Omega Pharma-Lotto manager’s two Belgian superstars look ready for their best years yet
At the start of a season, things have never looked quite so good for one of Marc Sergeant’s incarnations of this year’s Omega Pharma-Lotto team. Philippe Gilbert is seemingly ready to win any number of classics this spring, while Andre Greipel will get his long sought after shot at sprinting against the world’s best sprinters. Come July, the options will be just as glorious with Jurgen Van den Broeck as a real podium contender along with Greipel and Gilbert in the wings. Things are certainly looking up for Belgium’s other top team. Barring a blazing performance from Tom Boonen this spring, Omega Pharma-Lotto looks ready to step onto the throne as Belgium’s preeminent team…if they haven’t already.
The Omega Pharma-Lotto team is currently hard at work preparing for the new season in the winter training haven of Mallorca.

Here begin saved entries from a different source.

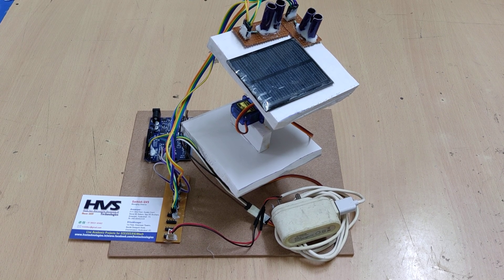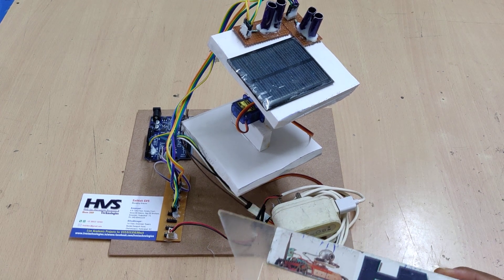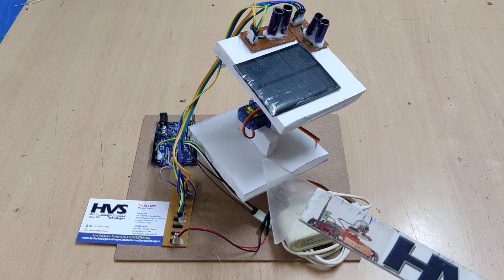Welcome to the project demonstration of dual axis solar tracker using Arduino Uno and servo motors. Here we are going to control the solar panel position exactly perpendicular to the sunlight as the sun travels from east to west.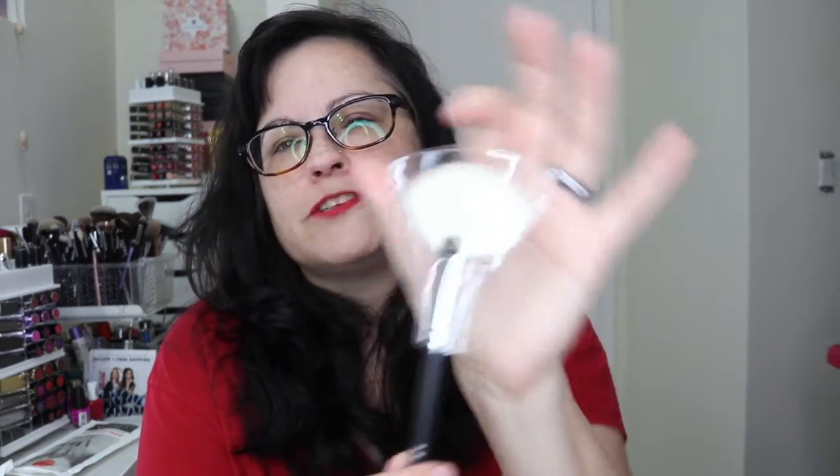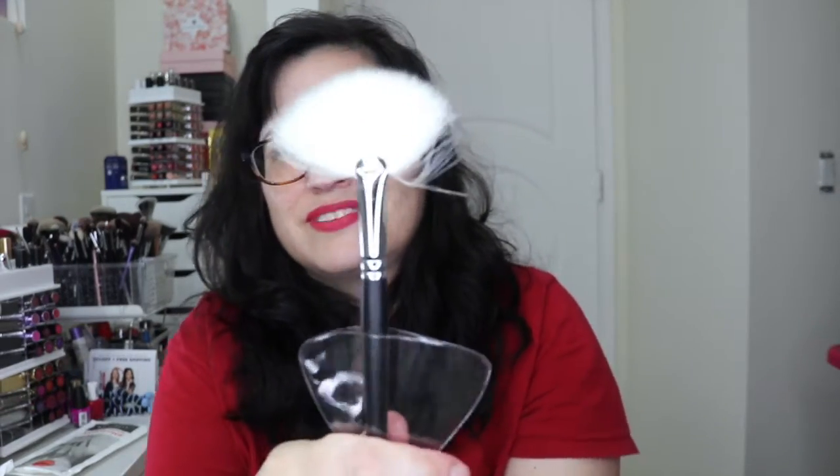And then the last one is a fan brush, the m310. I'm not exactly a huge fan — look at this thing, it's like crazy. It smells like goat, and you know how much I love goat brushes.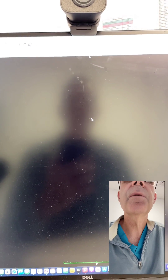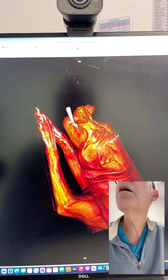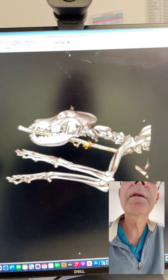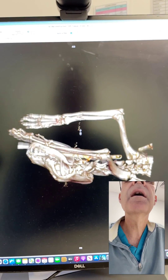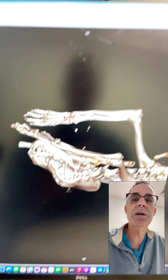If we go back into the CT scan and do our 3D volume rendering, we can look at that fracture again. This was the fracture here — that's what it looked like beforehand. You can see that one little fissure heading down distally.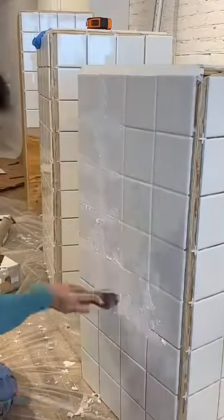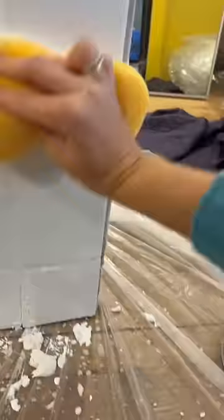Once you do a small section, you can get the wet sponge and clean it off. You kind of make a mess when you do this, but just keep rubbing until it's all done, and then dry with a dry sponge. After you're done grouting, wait a few hours for it to be fully dry.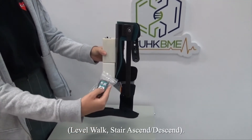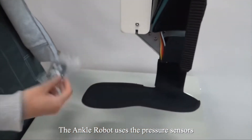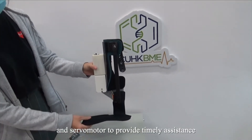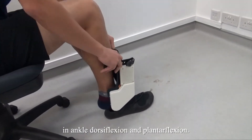stair ascend, and stair descend. The ankle robot uses pressure sensors to detect the user's gait pattern and a servo motor to provide timely assistance in ankle dorsiflexion and plantar flexion.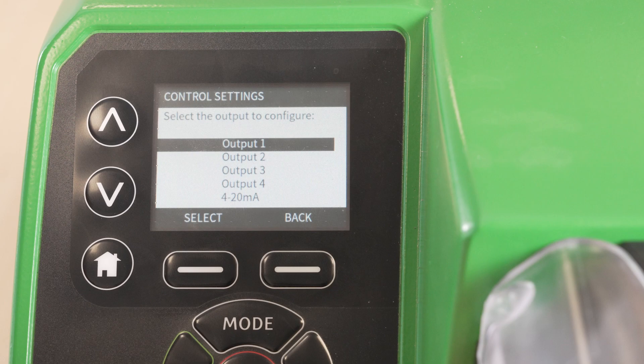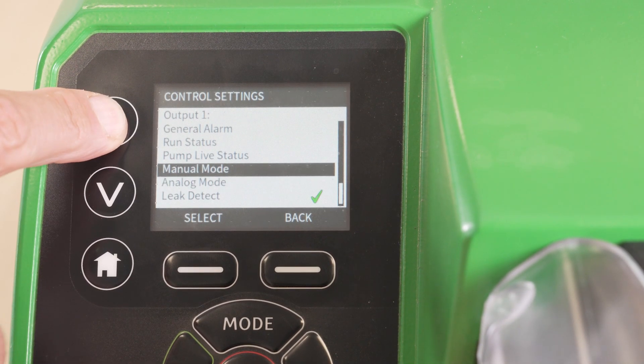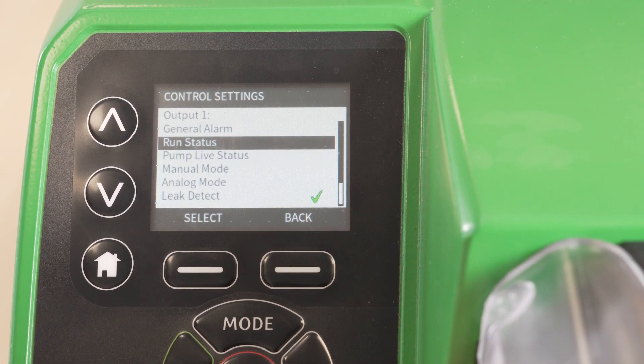Or the four open connector outputs on the upper D connector. In this example we will configure output 1. Here we can assign a function to the output. In this example we will choose run status.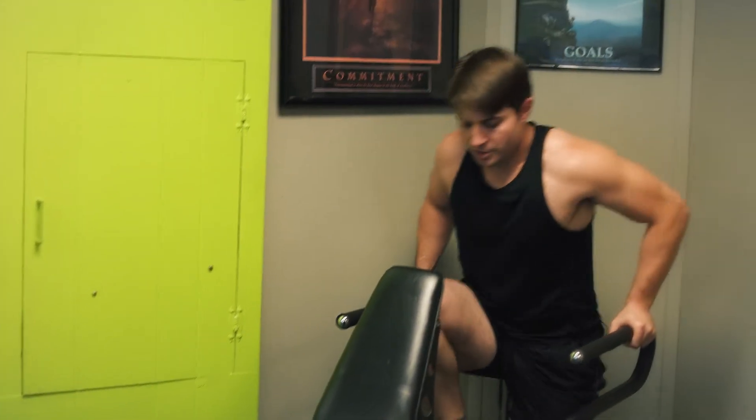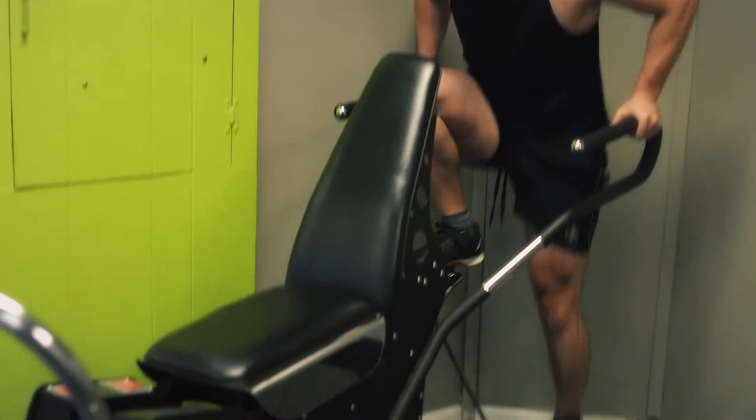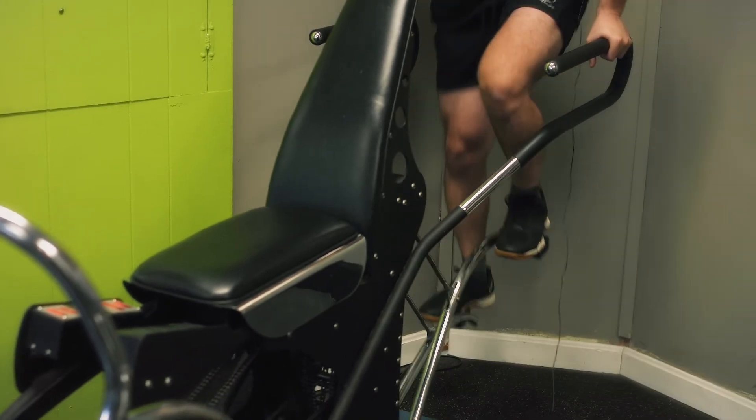This machine works lower body strength, also works on my cardio, and it's also a stretch on my legs too. So I'm going to get everything in one shot.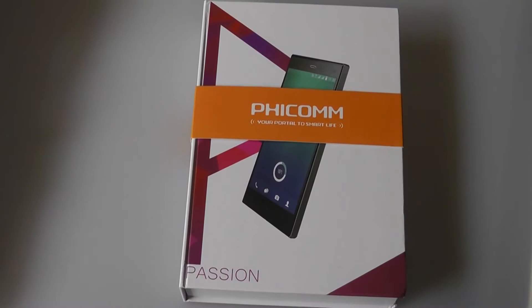Hey folks, here at OS Reviews you're watching our video first look and unboxing of the Fecom Passion 660. Whereas the Clue M represented the lower end of the manufacturer's current lineup, the Passion 660 is the company's flagship model.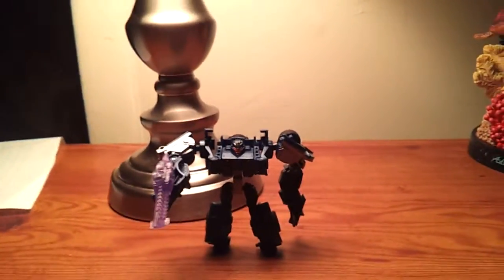Hey guys, this is Transformers337. I'm back, and again, Alishiko7e — again, sorry if I misspelled it — here's a review of him. I did it in a two-part, so here he is. Before I get into him and how I rated it and all that fun stuff I do,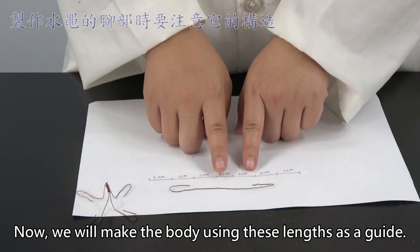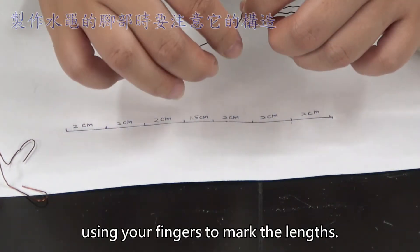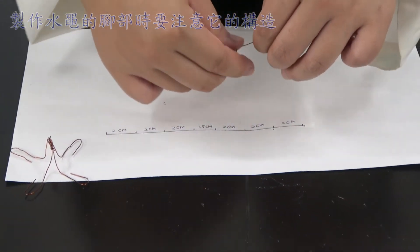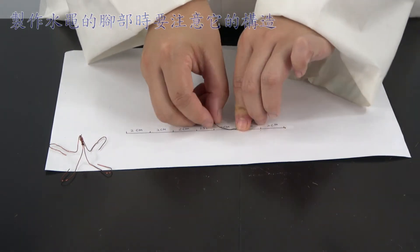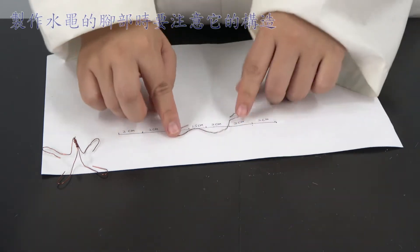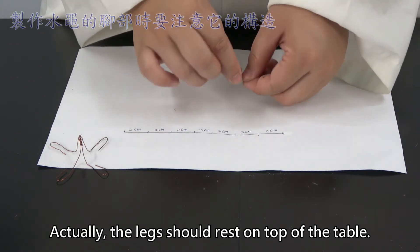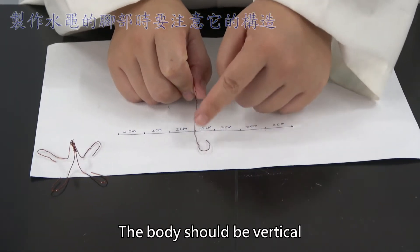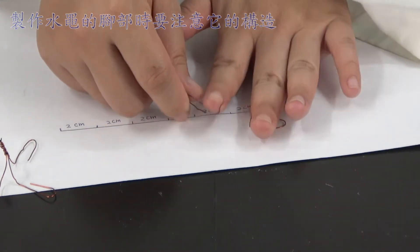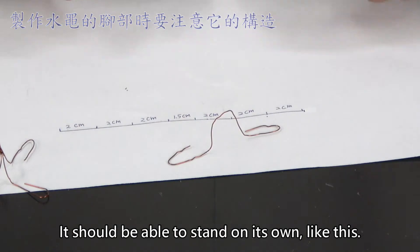Now, we will make the body using these lengths as a guide. Just like the legs, you could make the body using your fingers to mark the lengths. Make sure to use the measurements as your guide. Some students would make it flat, like this. Actually, the legs should rest on top of the table, so the body should be vertical and the legs should be horizontal. Do the same for the other side. It should be able to stand on its own, like this.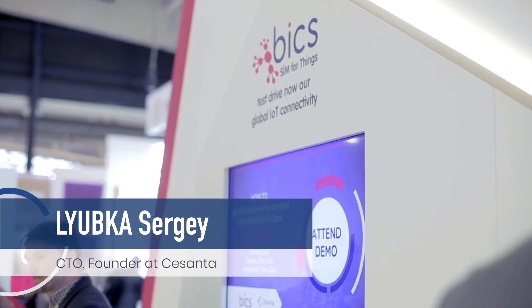Hello, my name is Sergei and I'm a CTO of Cezanta. At Cezanta we develop embedded software and hardware to help enterprises connect their products online.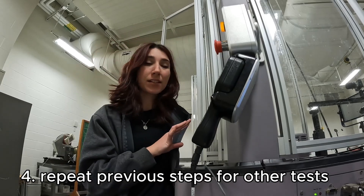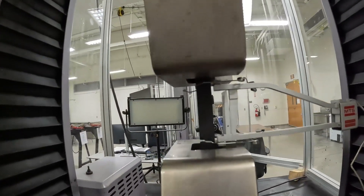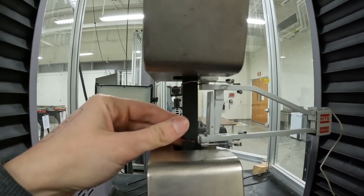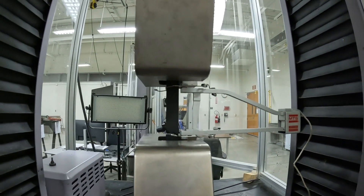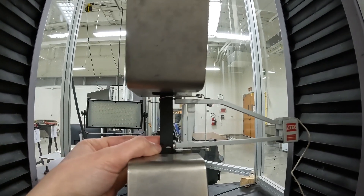In here we have test 62. I've been having this occurrence today where a lot of the samples break where the extensometer spring is. I've had two cases today where it just flew off the sample because of where it cracked.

A small contingent is already in Australia ahead of the upcoming Tour Down Under, but the rest, including Philippe Gilbert, are sharpening their knives ahead of the battles that await them.
It’s reasonable to say that no rider is raising as much interest as Philippe Gilbert heading into the new season. With riders like Tom Boonen and Fabian Cancellara, you more or less know what they look like on top form, but each year, it seems that Gilbert takes another step up. By the end of last season, Gilbert was operating on a different plane. If he achieves that level again this spring, we could be looking at another dominator to succeed the 2010 version of the dominator, Fabian Cancellara, at least for Flanders and the Ardennes. It would be a tall order to fill if Cancellara and Boonen are once again at their best, but not out of the question.
With so many expectations and possibilities on Gilbert’s Walloon shoulders, the team is doing everything they can to ensure that Gilbert can be in perfect shape for virtually the entire month of April, and a bit of March as well.
Omega Pharma-Lotto team manager, Marc Sergeant, admits that it will be a long period of peak fitness if Gilbert hopes to make it from the spring’s first Monument, La Primavera, to the spring’s final Monument, La Doyenne. With that in mind, the preparation for the year’s first Monument will hopefully take a slightly easier approach.
“It’s a long time from Milano-Sanremo to Liege-Bastogne-Liege. [Gilbert’s] program has changed. He will not participate in Paris-Nice, but Tirreno-Adriatico instead, where he’ll be able to show himself well enough in a few finales,” said the Belgian to RTBF.be.
Looking beyond the Classics, where there is little to say from both Gilbert and his team’s end: they hope to win everything they can, the real question becomes – will Gilbert take part in this summer’s Tour de France.
“For the moment, he is in the selection for the Tour de France. This year, there are four or five stages that finish uphill, and there are significantly fewer sprints. So there are opportunities for Philippe Gilbert. Why wouldn’t he? There are many arguments for his participation in the Tour, but anything is possible.”
It does appear that it will be a tough opportunity to turn down for the rider who hails from the Ardennes. There will be more than a few finishes seemingly tailor made for the explosive rider – providing not only possibilities for stage victory, but also a legitimate chance at the Maillot Jaune.
While Gilbert’s probabilities for success in the opening part of the Tour de France are the stuff of much talk, the team’s major focus for the Grand Boucle will certainly be its 2010, fifth place overall finisher, Jurgen Van den Broeck.
For the 27 year old Belgian, the aim is simple: move up higher in the overall classification.
“For us, the goals are the same as last year. What has changed now is that he knows he can be fifth in the Tour de France. We will try to improve some details. Last year, he was able to follow the best. Now, he wants to move up in the standings, he must make a difference compared to the others. We have already discussed it, and he wants to attack.”
Apart from the enchanted lands of the Tour de France final podium, Sergeant points out that there’s one thing Van den Broeck hopes to rectify in the coming year: winning his first professional race.
“To you, he will say that it does not bother him, but I know that internally, it does. He wants to win.”
It’s a bit scary to think what might be possible if Gilbert, Van den Broeck, and Greipel can all manage to perform at their best with good health and a bit of good luck in 2011. Then again, that goes for most of the top riders, doesn’t it?